[[ Provided material open ]]
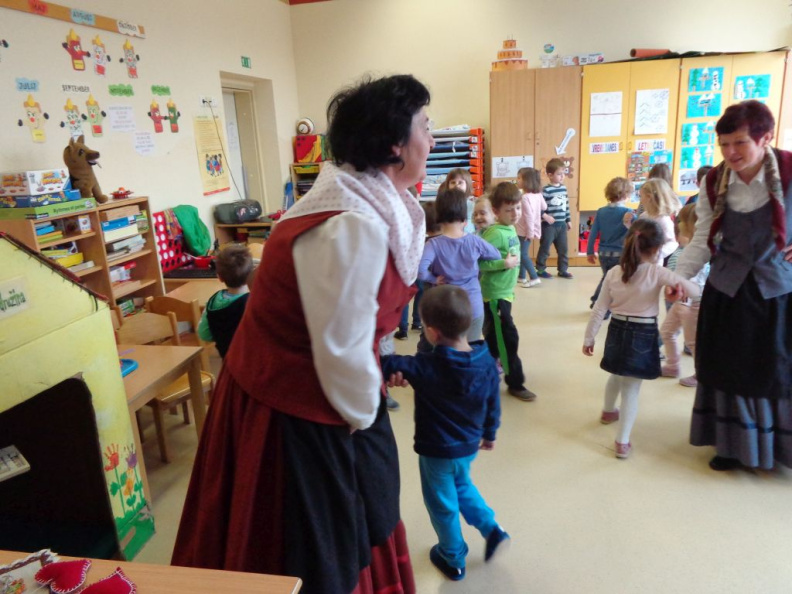 folklora apr 2016 019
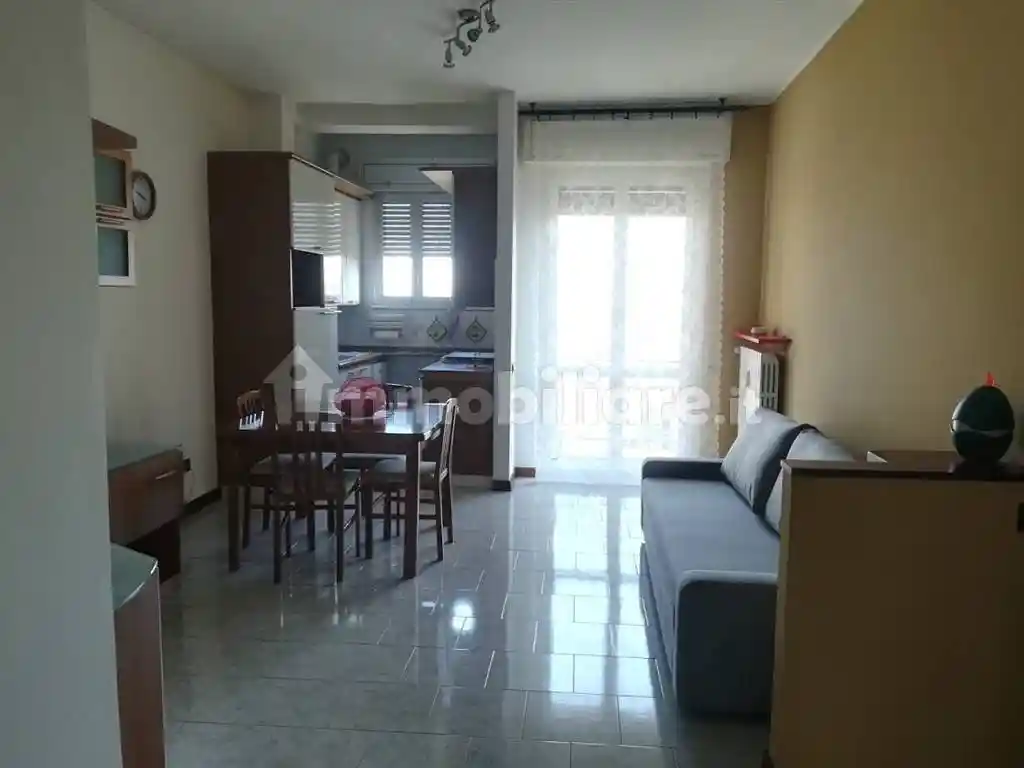 Appartamento in affitto a Ancona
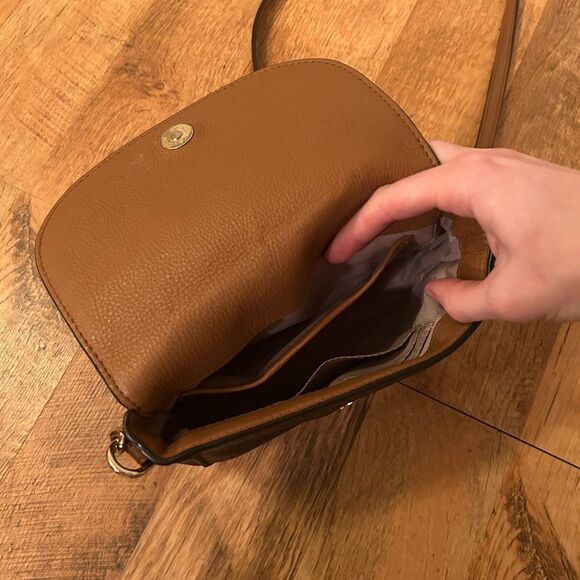 Michael Kors Tan Mott Logo Adjustable Buckle Magnet Crossbody and Zip Wallet - Picture 5 of 16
[[ Provided material closed ]]
Directions for this task:
Write out the whole of the data exactly; the pictures stay out.

Task response:
 folklora apr 2016 019
 Appartamento in affitto a Ancona
 Michael Kors Tan Mott Logo Adjustable Buckle Magnet Crossbody and Zip Wallet - Picture 5 of 16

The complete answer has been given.